Other events include cleaning up trash on the bus before you end your route, or returning lost objects to passengers before they get too far away. One instance of this did glitch for me, resulting in a floating phone I couldn’t interact with despite repeated attempts.

Finally, factors like time of day and weather add further variety and challenge to the routes. I drove the same route several times, but I will say that doing it at night during the rain was a lot different than a sunny day.

When your finished with your route, you can take the bus back to a warehouse to park it, or end your route from the menu with no penalty. On the default settings, I felt like there was a really nice balance of challenges and quiet driving through the city in Bus Simulator. The satisfaction of building and running a route yourself with near-perfect accuracy is actually really satisfying.

The attention to detail in the functionality of the bus is great, and while the passengers themselves have plenty of repeating character models (even within the same group), their voice lines while you’re driving can be both self-aware and hilarious in equal measure.

The controls felt good on a DualShock 4, but I think this would be one that’s a lot more immersive if you have a wheel and pedal setup.

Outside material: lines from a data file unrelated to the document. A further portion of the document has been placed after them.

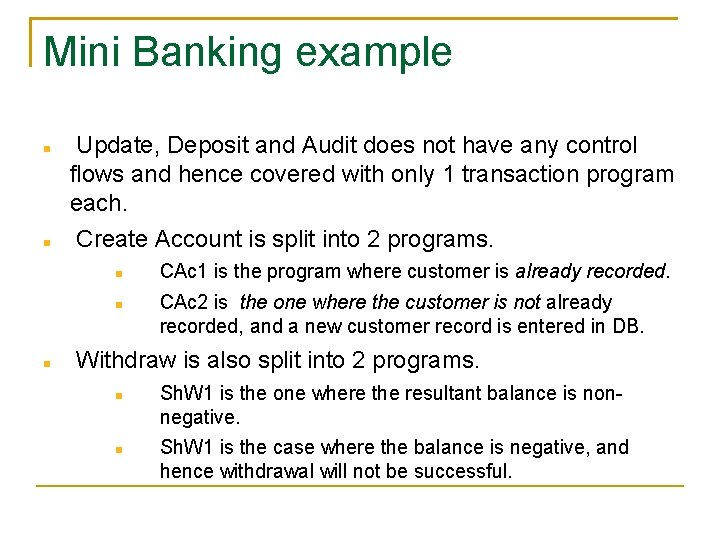 Mini Banking example Update, Deposit and Audit does not have any control flows and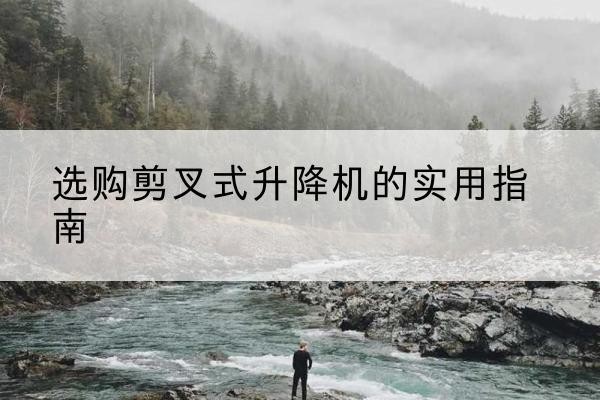 郎溪剪叉式升降机怎么选-选购剪叉式升降机的实用指南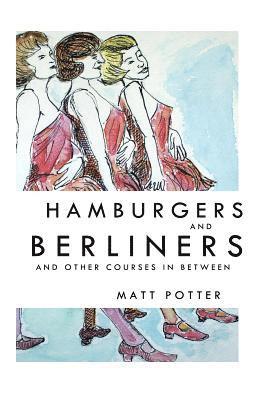 Matt Potter - Hamburgers and Berliners, Häftad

Beyond the occasional glitch (like the phone I couldn’t pick up), or moments when my bus got stuck on something like a light pole (resulting in multiple fines as I backed up and tried to reorient myself), the majority of the moment-to-moment gameplay was enjoyable.

It’s so odd to think that something as banal as driving a bus could be an engaging experience, but Bus Simulator does a great job of making the world feel alive and unpredictable, even if certain things can break the immersion at times.

Tack on a multiplayer mode that lets you run routes with other players in real-time, and you have a respectable simulator for anyone who wants to try a game unlike anything else in their library.

Presentation Filled With Highs and Lows

Bus Simulator

Bus Simulator’s presentation is a mixed bag, with elements that I really liked, and things that fall short of what you would expect on PS4. The buses themselves have great detail on the dashboard and interiors.

Passengers are fairly interesting, but the character models repeat far too often. Unless this city is full of twins, I shouldn’t be seeing the same person in a different colored shirt every time I stop the bus.

The city itself does offer a nice variety of scenery, but the quality of textures is all over the place. Buildings and lighting can look great, but things like trees or distance objects can be blurry. None of it directly affects the gameplay, but it does hurt the overall immersion.

For the budget price of $39.99, I think the curious should absolutely check out Bus Simulator. If you’ve been curious about these sim games and want to try your hand at something completely different, it’s a welcoming and surprisingly compelling experience with just a few rough edges.

Despite that, I enjoyed my time as a bus driver, and I’m sure there will be more routes in my future.

Final Score: 7.5/10

A copy of Bus Simulator was provided to PS4 Experts for review purposes.